Well, this week, at another debate of Presidential candidates, Sen. Barack Obama pointed out this hypocrisy among his Democratic opponents, who initially supported the Iraq War and have now leveled harsh criticisms against him. Here's his reply on You Tube. His reply is met with plenty of applause from the audience, while Hillary Clinton's rebuttal against Obama is met with boos. Obama's foreign policy position seems to be welcomed so far, mainly due to the fact that he initially opposed the Iraq War.
But, is this really Obama's position? Andres Oppenheimer wrote that Obama's position is more nuanced. This belief is based on a past interview that Oppenheimer had with Obama, where the Senator "had been a bit more cautious" in supporting unconditional talks with President Hugo Chavez of Venezuela for example. Oppenheimer believes Obama is just "playing politics."
But, author and commentator Paul Street believes Barack Obama is much more hawkish than he lets on. In his blog, Street replies to a Foreign Affairs article written by Obama titled "Renewing America's Leadership" where Obama writes: "We must also consider using military force in circumstances beyond self-defense." Street concludes that Obama intends to continue current US policy overseas with "noxious imperialism," and that Americans should have "salient reasons to fear the prospect of an Obama Nation."

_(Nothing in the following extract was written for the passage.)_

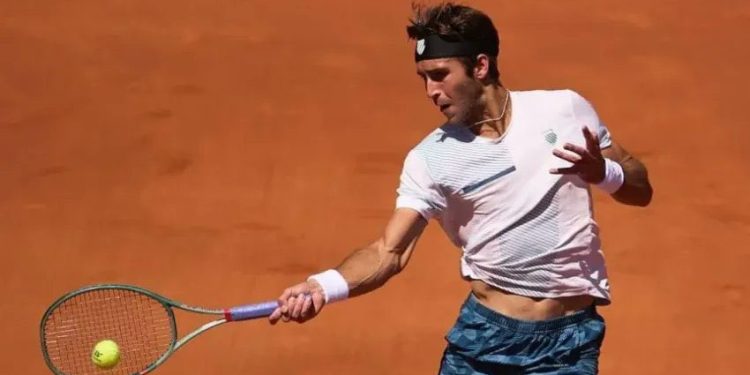 Tomás Etcheverry avanzó a los cuartos de final del ATP 250 de Lyon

Sen. Barack Obama is scheduled to appear in Miami later this month. The question of Cuba will no doubt be raised. According to the Council on Foreign Relations (CFR), Obama's position on Cuba is still unknown. But, they do mention that Obama has voted twice in opposition to funding of TV Marti.
I'm sure many are looking forward to his comments, especially pertaining to the US embargo towards Cuba. Both Democratic Presidential front-runners Hillary Clinton and John Edwards support the embargo, according to the CFR list.